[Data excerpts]
★ ★ ★

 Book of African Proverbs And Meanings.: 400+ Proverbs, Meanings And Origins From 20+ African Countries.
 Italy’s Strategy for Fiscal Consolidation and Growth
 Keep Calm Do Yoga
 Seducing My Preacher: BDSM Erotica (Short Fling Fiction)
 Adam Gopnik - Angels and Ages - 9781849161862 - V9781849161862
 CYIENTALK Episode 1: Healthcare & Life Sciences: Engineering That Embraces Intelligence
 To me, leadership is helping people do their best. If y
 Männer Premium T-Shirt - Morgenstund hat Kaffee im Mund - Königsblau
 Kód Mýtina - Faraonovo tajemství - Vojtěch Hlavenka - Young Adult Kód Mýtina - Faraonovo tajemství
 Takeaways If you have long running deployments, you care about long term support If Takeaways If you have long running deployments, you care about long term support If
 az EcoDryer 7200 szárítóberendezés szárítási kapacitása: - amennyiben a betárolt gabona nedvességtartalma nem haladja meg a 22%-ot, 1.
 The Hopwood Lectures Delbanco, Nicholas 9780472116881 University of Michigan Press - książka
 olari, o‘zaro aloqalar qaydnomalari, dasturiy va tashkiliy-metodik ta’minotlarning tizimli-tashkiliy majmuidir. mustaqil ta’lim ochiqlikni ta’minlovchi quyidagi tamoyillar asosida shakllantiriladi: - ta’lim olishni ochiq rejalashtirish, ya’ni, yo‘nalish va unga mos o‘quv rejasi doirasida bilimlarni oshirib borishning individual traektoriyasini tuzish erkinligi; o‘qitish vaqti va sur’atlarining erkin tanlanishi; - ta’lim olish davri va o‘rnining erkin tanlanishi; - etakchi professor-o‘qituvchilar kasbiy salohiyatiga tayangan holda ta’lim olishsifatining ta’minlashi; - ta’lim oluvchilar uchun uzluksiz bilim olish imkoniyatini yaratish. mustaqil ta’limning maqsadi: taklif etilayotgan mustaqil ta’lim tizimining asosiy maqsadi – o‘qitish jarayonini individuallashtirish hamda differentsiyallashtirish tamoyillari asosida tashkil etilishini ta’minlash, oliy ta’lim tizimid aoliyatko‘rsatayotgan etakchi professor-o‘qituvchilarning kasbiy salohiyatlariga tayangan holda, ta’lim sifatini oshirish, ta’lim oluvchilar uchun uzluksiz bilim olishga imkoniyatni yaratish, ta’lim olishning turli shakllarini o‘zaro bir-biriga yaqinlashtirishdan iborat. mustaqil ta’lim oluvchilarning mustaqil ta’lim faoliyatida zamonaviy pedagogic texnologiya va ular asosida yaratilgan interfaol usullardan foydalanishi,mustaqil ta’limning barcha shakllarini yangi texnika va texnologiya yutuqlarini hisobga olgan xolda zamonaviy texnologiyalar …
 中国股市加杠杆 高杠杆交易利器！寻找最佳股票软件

★ ★ ★

Please return only the lines above, starting at the line that has "Keep Calm Do Yoga" and ending at the line that has "CYIENTALK Episode 1: Healthcare", keeping both and leaving each one unchanged.

** RESULT BELOW **
 Keep Calm Do Yoga
 Seducing My Preacher: BDSM Erotica (Short Fling Fiction)
 Adam Gopnik - Angels and Ages - 9781849161862 - V9781849161862
 CYIENTALK Episode 1: Healthcare & Life Sciences: Engineering That Embraces Intelligence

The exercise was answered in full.